Extracted data section start

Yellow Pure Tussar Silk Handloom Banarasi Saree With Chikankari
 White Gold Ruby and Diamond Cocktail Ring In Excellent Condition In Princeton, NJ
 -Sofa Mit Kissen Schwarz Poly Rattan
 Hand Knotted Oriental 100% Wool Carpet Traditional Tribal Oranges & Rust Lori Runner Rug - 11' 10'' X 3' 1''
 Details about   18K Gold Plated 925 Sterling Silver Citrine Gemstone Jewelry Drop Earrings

Extracted data section end

Aim of the exercise =
Transcribe the entries above word for word, from the first line through the line containing "Hand Knotted Oriental", and nothing else.

Task result =
Yellow Pure Tussar Silk Handloom Banarasi Saree With Chikankari
 White Gold Ruby and Diamond Cocktail Ring In Excellent Condition In Princeton, NJ
 -Sofa Mit Kissen Schwarz Poly Rattan
 Hand Knotted Oriental 100% Wool Carpet Traditional Tribal Oranges & Rust Lori Runner Rug - 11' 10'' X 3' 1''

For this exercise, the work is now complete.